Dass während der Corona-Krise alles schnell gehen kann, das haben wir im vergangenen Jahr immer wieder gesehen – auch in der Wissenschaft. Was die Forschenden aus Greifswald jetzt aber auf die Beine gestellt haben, dürfte trotzdem einen Rekord darstellen: Drei Tage hätten sie durchgearbeitet, sagt Andreas Greinacher, Leiter der Transfusionsmedizin der Universitätsmedizin Greifswald, um zu ihrem Ergebnis zu kommen.
Bestimmte Antikörper gefunden, die Blutgerinnung aktivieren können
Der vermutete Mechanismus, wie diese Sinusthrombosen durch den Impfstoff ausgelöst werden könnten, ist bereits von einem anderen Krankheitsbild bekannt: der Heparin-induzierten Thrombozytopenie. Dabei gerinnt das Blut paradoxerweise nach Gabe des Blutverdünners Heparin und eine Thrombose kann sich bilden. Hier bindet Heparin an ein Protein, das für die Blutgerinnung verantwortlich ist, den Plättchen-Faktor 4. Manche Menschen haben Antikörper, die diesen Heparin-PF4-Komplex erkennen, binden und die Blutgerinnungskaskade aktivieren. Und solche Antikörper konnten die Greifswalder auch in Blutproben von Patienten feststellen, die kurz nach der Impfung mit AstraZeneca eine Sinusthrombose entwickelten.

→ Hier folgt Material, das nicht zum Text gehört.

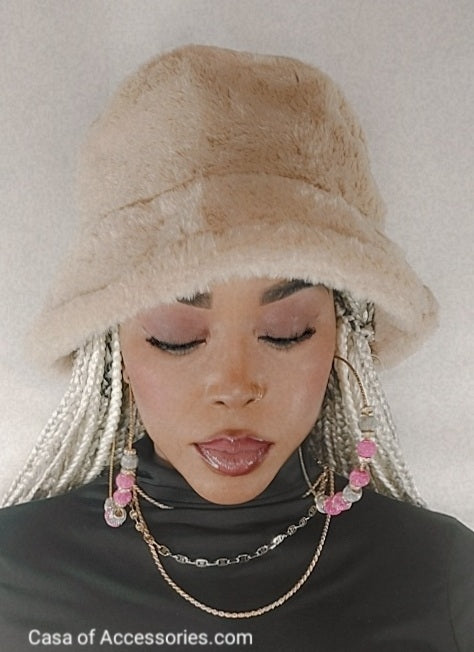 Beige Fluffy Bucket Hat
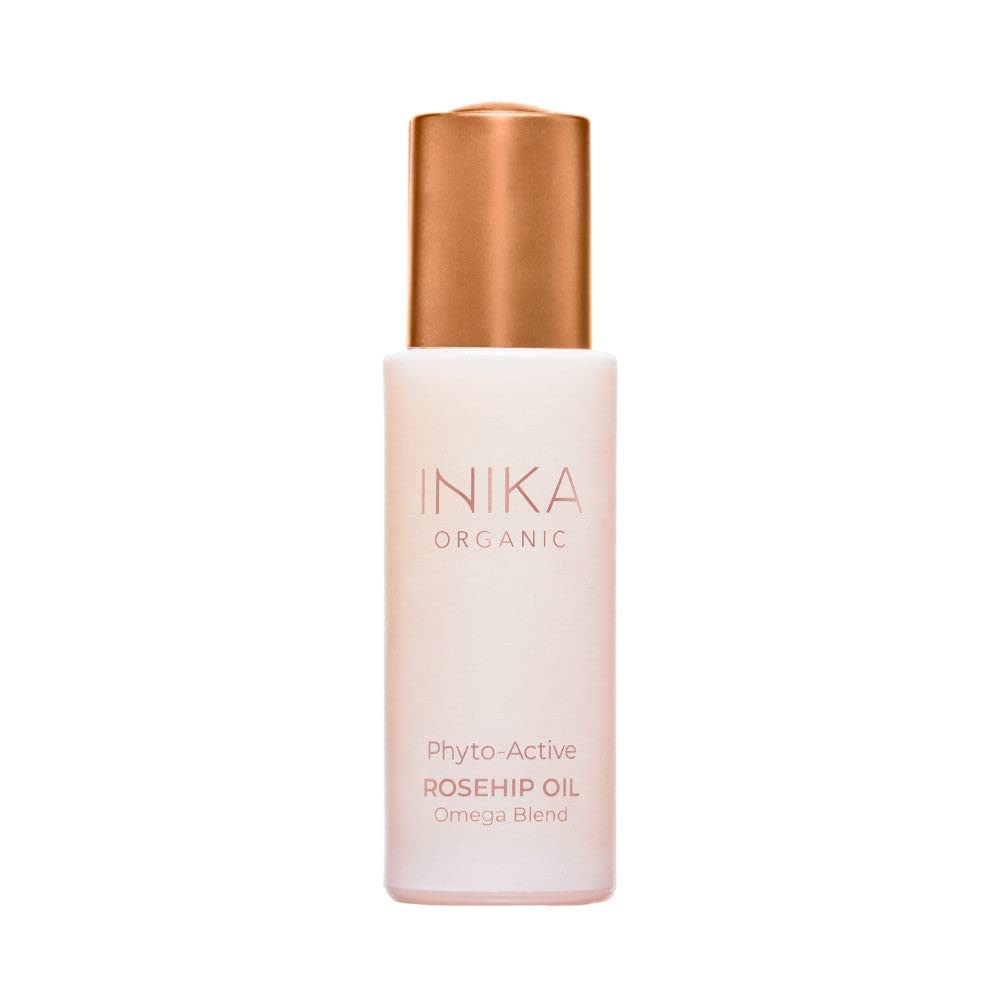 INIKA Organic Phyto-Active Rosehip Oil. Luxurious blend of Rosehip and antioxidant rich botanical Extracts to protect, plump and smooth skin. Natural, Vegan and Cruelty-Free Formula.
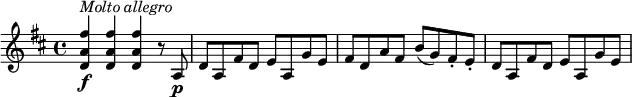 \relative c' {
\version "2.18.2"
\key d \major
<d a' fis'>4\f^\markup { \italic { Molto allegro} } q q r8 a\p |
d8 a fis' d e a, g' e |
fis8 d a' fis b( g) fis-. e-. |
d8 a fis' d e a, g' e |
}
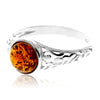 Load image into Gallery viewer, 925 Sterling Silver &amp; Genuine Baltic Amber Modern Designer Ring - GL754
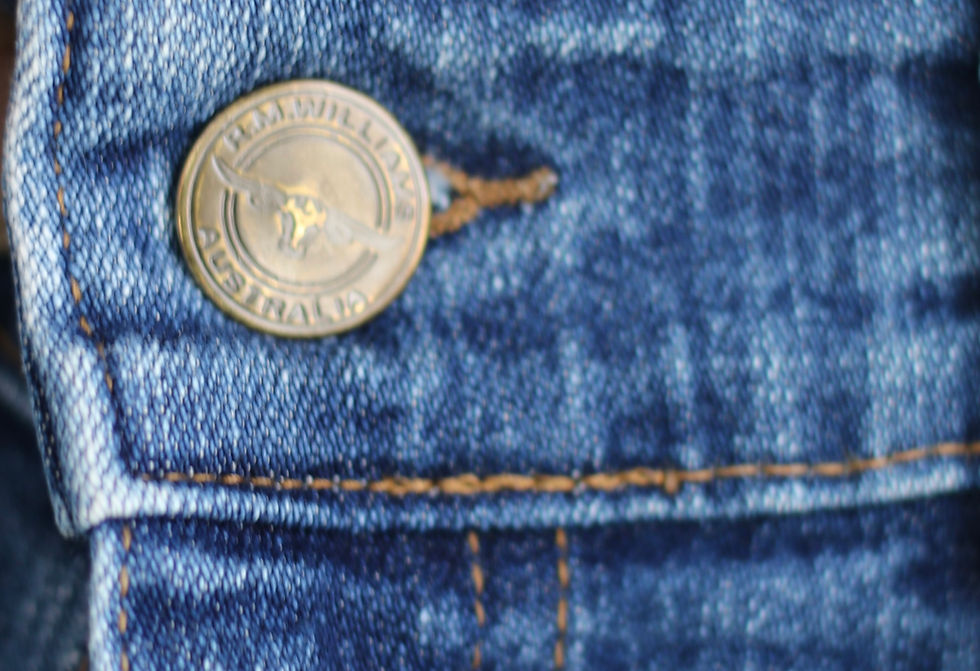 Thumbnail: Vintage R.M. Williams Women's Two-Tone Paneled Flare Jeans Bootcut Size 12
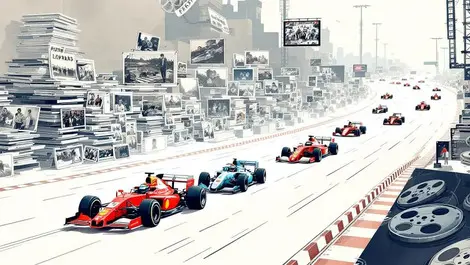 Vintage modern formula 1 cars racing timeline photos film reels to digital screens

Laut Andreas Greinacher kann wohl auch ein Bestandteil der Impfung oder eine Reaktion des Körpers auf die Impfung zu so einer Blutgerinnung führen. Seine genaue Vermutung wollte er bei der heutigen Pressekonferenz noch nicht sagen.
Andere Vektorimpfstoffe könnten ähnlich wirken
Laut Experten muss es sich dabei aber um ein sogenanntes Polyanion handeln, ein mehrfach negativ geladenes Teilchen. Infrage kommen könnte zum Beispiel das im Impfstoff eingesetzte Adenovirus. Wäre das der Fall, dann könnten die mRNA-Impfstoffe von Biontech, Moderna und Curevac diesen Mechanismus nicht auslösen. Andere Vektorimpfstoffe, die Adenoviren einsetzen, dagegen schon, wie zum Beispiel der russische Impfstoff Sputnik V oder der Impfstoff von Johnson & Johnson.
Ein endgültiger Beweis, dass der Impfstoff von AstraZeneca für die beobachteten Hirnthrombosen verantwortlich ist, ist das aber noch nicht. Sobald die Arbeitsgruppe aus Greifswald ihre Ergebnisse veröffentlicht, werden diese dann von anderen Wissenschaftlern überprüft.
Sinusthrombosen sind behandelbar
Aber unabhängig davon, ob der Impfstoff oder etwas anderes zu den Blutgerinnseln führt: Dieses Krankheitsbild ist behandelbar. Von ihrer Arbeit an der Heparin-induzierten Thrombozytopenie wissen die Forschenden aus Greifswald, dass die Aktivierung der Blutgerinnung verhindert werden kann – und zwar durch einen anderen Antikörper. Dieser unterbindet die Aktivierung der Blutgerinnung durch den Antikörper gegen den Heparin-PF4-Komplex. Der Therapie-Antikörper dürfte in jedem mittelgroßen Krankenhaus verfügbar sein, so Andreas Greinacher.
Vorbeugend sollte diese Therapie allerdings nicht angewandt werden, denn wie bei jedem Medikament können auch hier Nebenwirkungen auftreten. Wer zwischen vier und 14 Tagen nach der Impfung Symptome einer Thrombose, also zum Beispiel ein schmerzendes, geschwollenes Bein oder starke, anhaltende Kopfschmerzen, hat, sollte zum Hausarzt gehen. Wenn dann eine Thrombose festgestellt wird, kann sie mit der vorgeschlagenen Therapie behandelt werden – ob sie durch den Impfstoff ausgelöst wurde, oder nicht.